Aim of the task: Would you output the whole of the data exactly?

Exercise materials: Begin

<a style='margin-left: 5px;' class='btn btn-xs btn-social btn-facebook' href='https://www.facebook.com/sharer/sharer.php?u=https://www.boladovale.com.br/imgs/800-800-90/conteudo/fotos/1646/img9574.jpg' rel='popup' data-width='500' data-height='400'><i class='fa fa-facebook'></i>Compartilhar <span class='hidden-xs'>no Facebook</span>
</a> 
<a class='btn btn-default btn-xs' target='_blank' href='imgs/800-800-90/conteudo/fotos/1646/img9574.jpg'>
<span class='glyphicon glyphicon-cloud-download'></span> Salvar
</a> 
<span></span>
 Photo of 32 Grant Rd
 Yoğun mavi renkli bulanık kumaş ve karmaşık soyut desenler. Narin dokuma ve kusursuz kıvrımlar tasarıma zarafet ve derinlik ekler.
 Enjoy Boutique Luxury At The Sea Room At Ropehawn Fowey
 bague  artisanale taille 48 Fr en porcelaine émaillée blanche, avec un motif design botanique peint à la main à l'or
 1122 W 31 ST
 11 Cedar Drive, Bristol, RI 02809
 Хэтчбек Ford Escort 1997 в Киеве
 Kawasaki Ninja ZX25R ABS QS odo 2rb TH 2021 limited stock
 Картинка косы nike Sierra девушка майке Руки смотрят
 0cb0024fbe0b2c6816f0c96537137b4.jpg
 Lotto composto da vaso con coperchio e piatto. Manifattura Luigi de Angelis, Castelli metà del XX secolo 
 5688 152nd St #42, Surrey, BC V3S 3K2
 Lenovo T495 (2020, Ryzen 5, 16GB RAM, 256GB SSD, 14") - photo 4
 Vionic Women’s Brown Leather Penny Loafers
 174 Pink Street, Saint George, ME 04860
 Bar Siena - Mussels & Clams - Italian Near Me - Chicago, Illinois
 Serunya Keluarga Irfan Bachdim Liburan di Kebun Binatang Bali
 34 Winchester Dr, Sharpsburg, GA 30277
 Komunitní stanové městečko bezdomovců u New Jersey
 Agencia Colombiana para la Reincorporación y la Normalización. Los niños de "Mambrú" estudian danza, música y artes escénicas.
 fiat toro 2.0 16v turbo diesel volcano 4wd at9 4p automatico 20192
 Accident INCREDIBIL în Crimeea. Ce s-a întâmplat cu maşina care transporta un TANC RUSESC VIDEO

Exercise materials: End

Response for this exercise:
<a style='margin-left: 5px;' class='btn btn-xs btn-social btn-facebook' href='https://www.facebook.com/sharer/sharer.php?u=https://www.boladovale.com.br/imgs/800-800-90/conteudo/fotos/1646/img9574.jpg' rel='popup' data-width='500' data-height='400'><i class='fa fa-facebook'></i>Compartilhar <span class='hidden-xs'>no Facebook</span>
</a> 
<a class='btn btn-default btn-xs' target='_blank' href='imgs/800-800-90/conteudo/fotos/1646/img9574.jpg'>
<span class='glyphicon glyphicon-cloud-download'></span> Salvar
</a> 
<span></span>
 Photo of 32 Grant Rd
 Yoğun mavi renkli bulanık kumaş ve karmaşık soyut desenler. Narin dokuma ve kusursuz kıvrımlar tasarıma zarafet ve derinlik ekler.
 Enjoy Boutique Luxury At The Sea Room At Ropehawn Fowey
 bague  artisanale taille 48 Fr en porcelaine émaillée blanche, avec un motif design botanique peint à la main à l'or
 1122 W 31 ST
 11 Cedar Drive, Bristol, RI 02809
 Хэтчбек Ford Escort 1997 в Киеве
 Kawasaki Ninja ZX25R ABS QS odo 2rb TH 2021 limited stock
 Картинка косы nike Sierra девушка майке Руки смотрят
 0cb0024fbe0b2c6816f0c96537137b4.jpg
 Lotto composto da vaso con coperchio e piatto. Manifattura Luigi de Angelis, Castelli metà del XX secolo 
 5688 152nd St #42, Surrey, BC V3S 3K2
 Lenovo T495 (2020, Ryzen 5, 16GB RAM, 256GB SSD, 14") - photo 4
 Vionic Women’s Brown Leather Penny Loafers
 174 Pink Street, Saint George, ME 04860
 Bar Siena - Mussels & Clams - Italian Near Me - Chicago, Illinois
 Serunya Keluarga Irfan Bachdim Liburan di Kebun Binatang Bali
 34 Winchester Dr, Sharpsburg, GA 30277
 Komunitní stanové městečko bezdomovců u New Jersey
 Agencia Colombiana para la Reincorporación y la Normalización. Los niños de "Mambrú" estudian danza, música y artes escénicas.
 fiat toro 2.0 16v turbo diesel volcano 4wd at9 4p automatico 20192
 Accident INCREDIBIL în Crimeea. Ce s-a întâmplat cu maşina care transporta un TANC RUSESC VIDEO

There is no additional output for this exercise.